Rebecca Barho Comments on Revised National Environmental Policy Act Rule

07.16.2020
Law360

Rebecca Barho was quoted in the Law360 article, “WH Tweak To Enviro Review Rule May Bring New Headaches” (subscription required). The article examines the impact of the Trump Administration’s recently released rewrite of the National Environmental Policy Act (NEPA), which governs how agencies conduct environmental reviews.

In the rewrite, the White House clarified how agencies should analyze the impacts of environmental trends such as climate change during a NEPA review, while declining to completely spell out what types of projects are exempt from NEPA reviews. Industry watchers have said that this is one of the elements that gives the final rule a greater chance of heading off legal challenges by avoiding clear language, but that it could create new problems by leaving certain terms up to agencies to define.

Commenting on the development, Rebecca said that NEPA regulations have not been updated since the Council on Environmental Quality (CEQ) first published them in 1978. The final rule was a "massive undertaking" that had to “incorporate years of court rulings and guidance issued by different presidential administrations.”

She added that in the rewrite, one “important way the council slightly softened its stance on a key issue in the final rule: While it hews closely to the initial proposal to restrict how climate change can be considered in project applications, ‘environmental trends’ are now part of what agencies are directed to consider.”

In January 2020, CEQ proposed restricting the definition of what "effects" — such as climate change — must be considered in project applications.
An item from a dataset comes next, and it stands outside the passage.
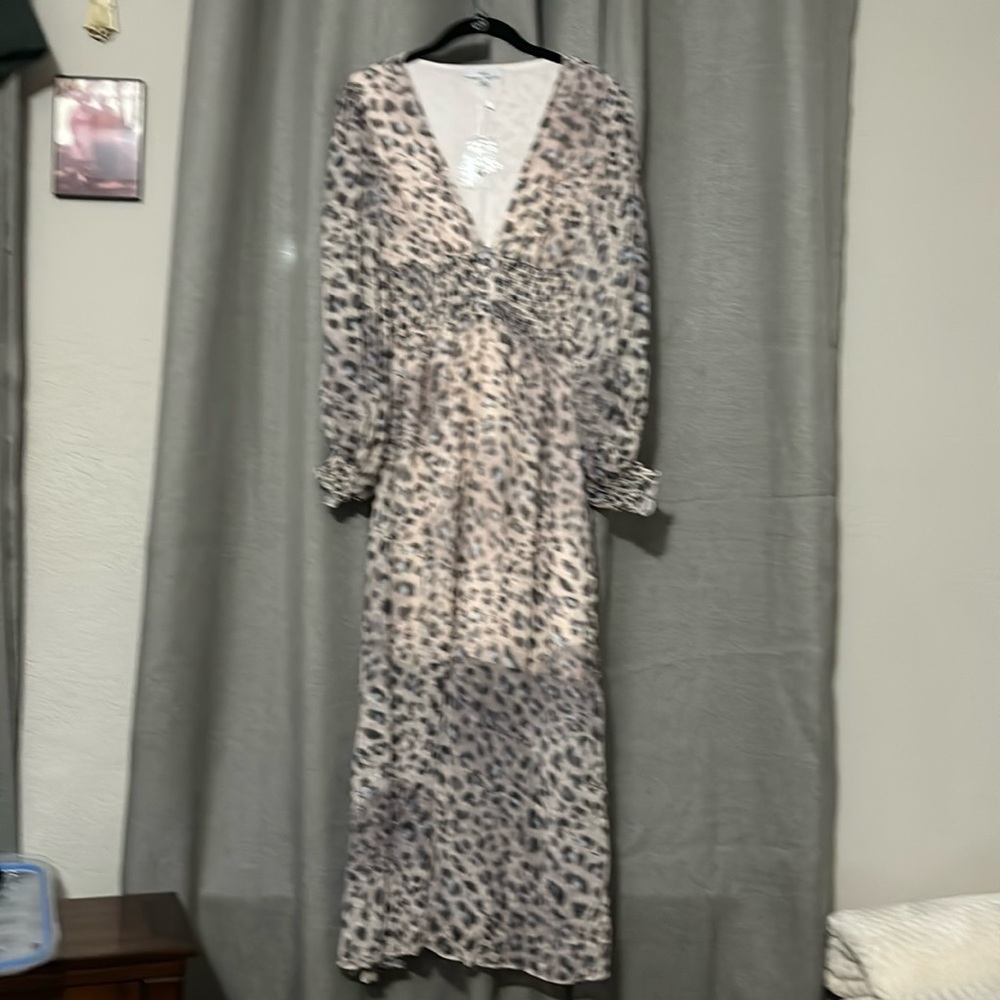 Women’s Fate cold shoulder animal print dress sz small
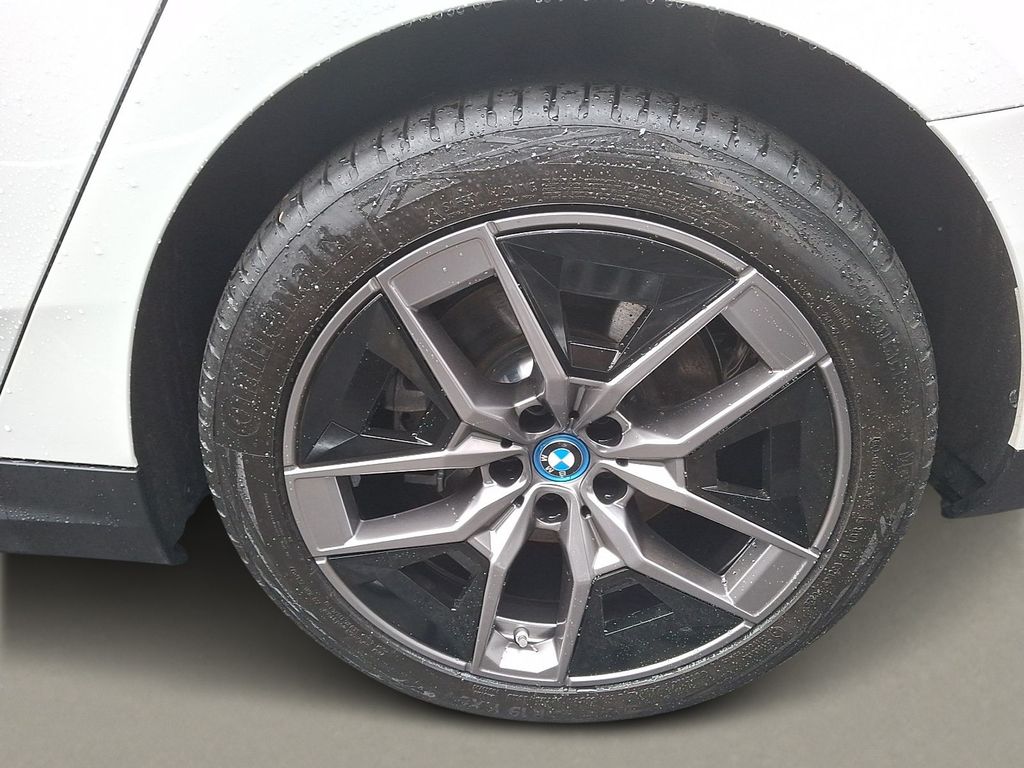 Thumbnail: 2025 BMW i5 - 5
The final rule directs agencies to consider trends, including those that can be attributed to climate change, in analyzing the existing conditions at the site of a proposed project, called the baseline. But CEQ bars agencies from characterizing climate change as an effect of a proposed action.

"I think probably CEQ recognized that the issue of climate change may be a flash point for litigation," Rebecca said. "I think it gives the agency a better argument that it did, in fact, address climate change in the final revised rules. But…that organizations will probably still be dissatisfied with that."